One thing which probably isn’t in anybody’s “cloud” categorization, but which I’m interested in, is the notion of event-driven systems. Polling sucks, and we should be building systems that can notify other systems when something happens, instead of repeatedly asking “has this thing happened yet?”. Google’s pubsubhubbub protocol is an interesting attempt to apply an event-driven approach to RSS feed publish notifications. Any time we can use events instead of polling, we should. Eventually we’ll hit a point where polling systems are seen for the slow, primitive beasts they are, and we’ll have a real-time internet. Until then, setTimeout() and AJAX polling will continue to rule the internetz.

If these are the basic suppositions, what tools are going to grow in importance and what kinds of systems are we going to see in the next little while? What are the implications for the popular tools of today?

Technical Tools

The increased ease of operating system virtualization could make application virtualization and portability a lot less compelling. Who cares if Java can run on every possible machine architecture and operating system, if we can virtualize operating systems and specific applications really easily?
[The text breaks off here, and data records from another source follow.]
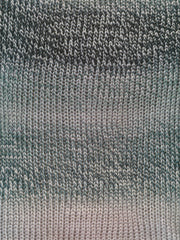 EYB Euro Baby Kaleidoscope Worsted Acrylic Baby Yarn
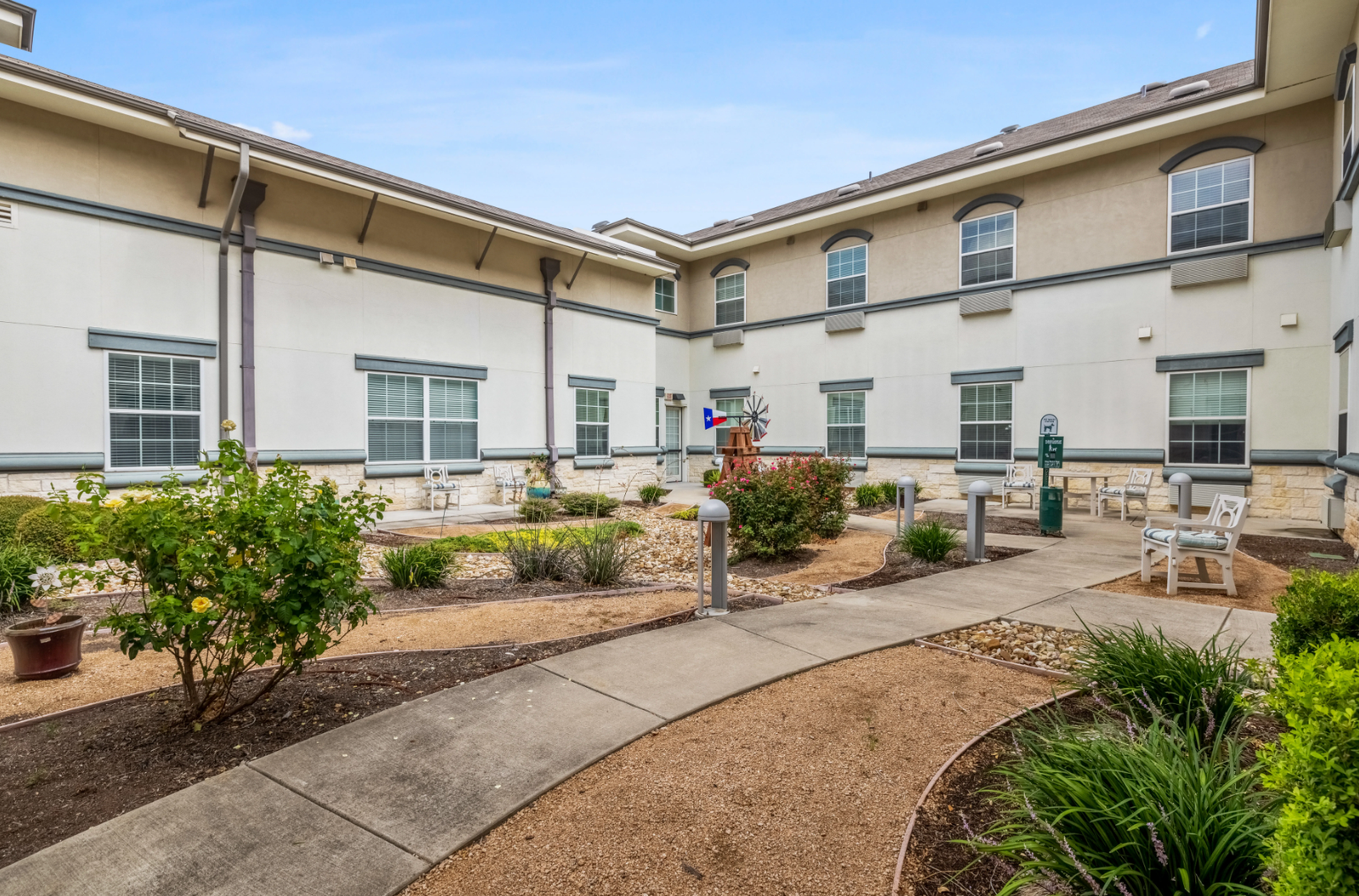 Screenshot 2025-07-17 at 4.08.03 PM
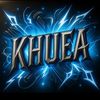 khueakps
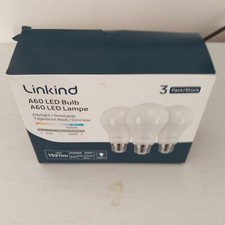 Led light bulb for sale  TELFORD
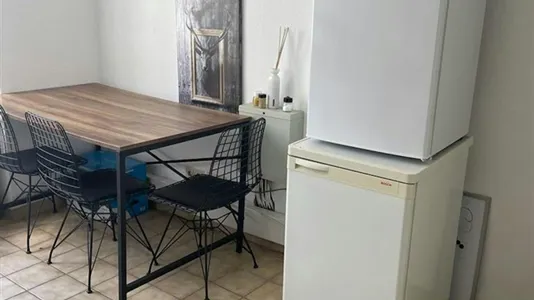 Rooms in Location is not specified - photo 6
PHP will either get a decent threading model or die – too many of our Lego blocks rely on the idea that a language runtime can walk and chew gum at the same time, or at least fake it convincingly, and PHP’s approach (fork an entirely new operating system process) just won’t cut it much longer. Java, the .NET languages, and the dynamic duo (Python and Ruby) won’t be hurt by this. With Ruby specifically, the JRuby implementation is going to keep rising in popularity since it’s got Java’s tried-and-tested concurrency code going for it and doesn’t have the Global Interpreter Lock (GIL) that MRI 1.8 and 1.9 have. For the kinds of multi-threaded distributed systems I’m talking about, Erlang and Scala seem like they can only grow in popularity, seeing as how they were designed to deal with exactly this problem set. Lastly, for persistence, distributed block storage systems and the NoSQL movement are going to be increasingly important.

Proprietary vendors will need to come up with a compelling license-management story for on-demand services or risk being bypassed by a whole generation of geeks who can’t be bothered to keep track of what licenses they’ve used. So far the massive first-mover advantage of Amazon in the virtualized on-demand operating system space, built largely on a Free Software stack (Xen and Linux), has obscured this.

If I want to set up my own OS virtualization and app infrastructure based on technologies which require license payments, and I want to bring instances up and down 300 times a month, how many licenses have I used? How much hassle will it be for me to keep track of? Why should I bother? Proprietary software vendors can mitigate this problem to some extent by cutting deals with hosting companies and getting them to take care of the bean-counting at a layer below that of the app developer.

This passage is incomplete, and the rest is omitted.